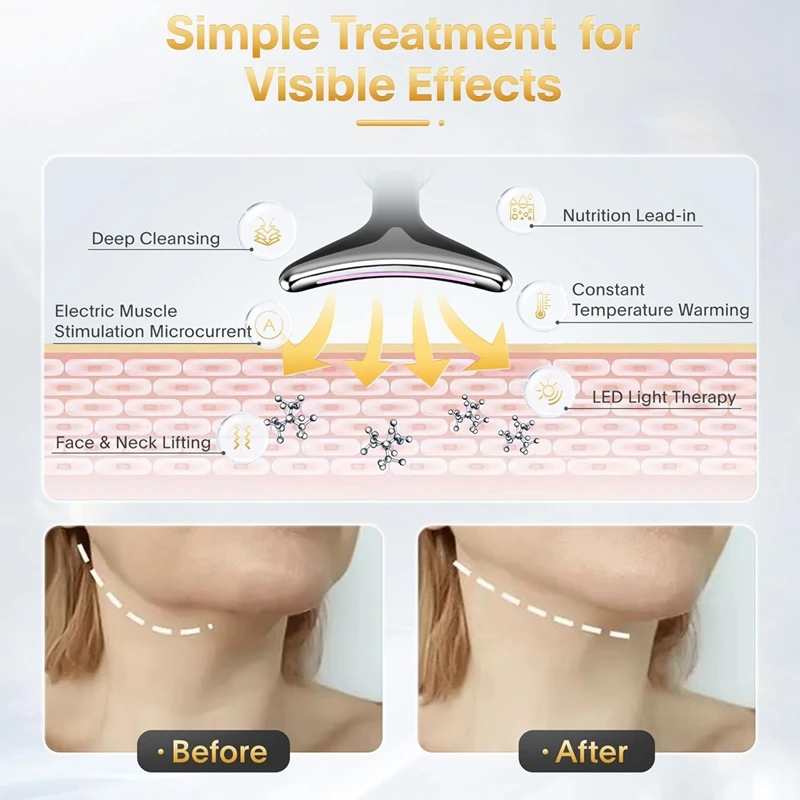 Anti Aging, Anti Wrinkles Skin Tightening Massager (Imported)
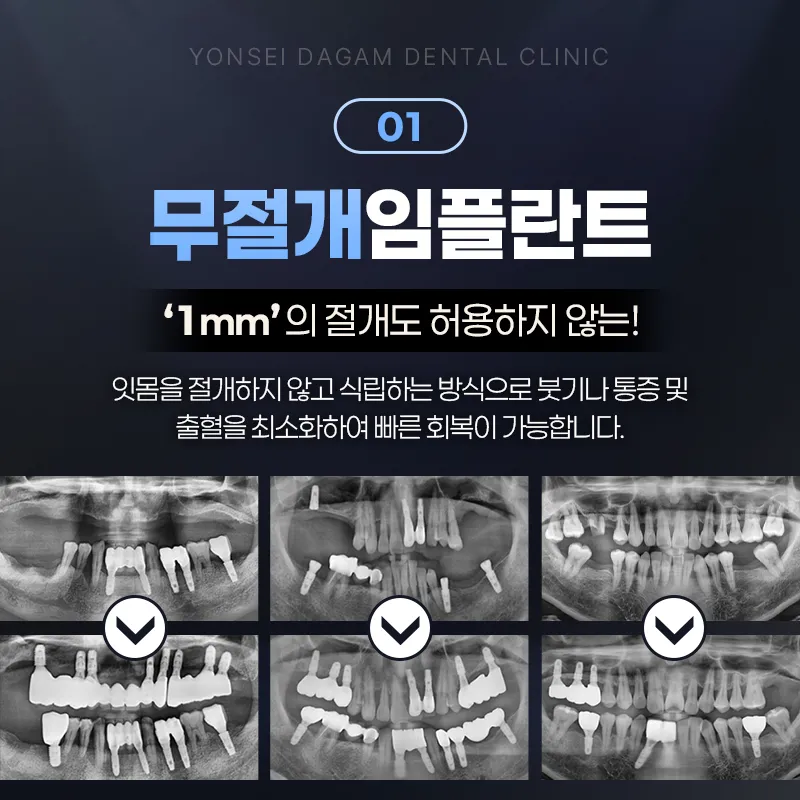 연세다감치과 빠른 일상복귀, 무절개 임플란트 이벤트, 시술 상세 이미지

┄┄┄┄┄┄┄┄┄┄

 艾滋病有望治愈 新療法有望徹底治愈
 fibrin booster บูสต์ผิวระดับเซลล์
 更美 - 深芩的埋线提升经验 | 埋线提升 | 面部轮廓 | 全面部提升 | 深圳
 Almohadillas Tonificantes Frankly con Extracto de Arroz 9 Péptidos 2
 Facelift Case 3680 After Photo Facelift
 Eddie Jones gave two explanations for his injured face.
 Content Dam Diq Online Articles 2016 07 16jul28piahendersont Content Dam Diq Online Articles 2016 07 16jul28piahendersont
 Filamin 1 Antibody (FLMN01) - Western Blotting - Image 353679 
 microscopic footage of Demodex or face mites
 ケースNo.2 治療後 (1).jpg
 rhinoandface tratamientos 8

┄┄┄┄┄┄┄┄┄┄

Beginning at the line with "艾滋病有望治愈 新療法有望徹底治愈" and stopping after the line with "rhinoandface tratamientos 8", please write out every line of the data above exactly and nothing else.

 艾滋病有望治愈 新療法有望徹底治愈
 fibrin booster บูสต์ผิวระดับเซลล์
 更美 - 深芩的埋线提升经验 | 埋线提升 | 面部轮廓 | 全面部提升 | 深圳
 Almohadillas Tonificantes Frankly con Extracto de Arroz 9 Péptidos 2
 Facelift Case 3680 After Photo Facelift
 Eddie Jones gave two explanations for his injured face.
 Content Dam Diq Online Articles 2016 07 16jul28piahendersont Content Dam Diq Online Articles 2016 07 16jul28piahendersont
 Filamin 1 Antibody (FLMN01) - Western Blotting - Image 353679 
 microscopic footage of Demodex or face mites
 ケースNo.2 治療後 (1).jpg
 rhinoandface tratamientos 8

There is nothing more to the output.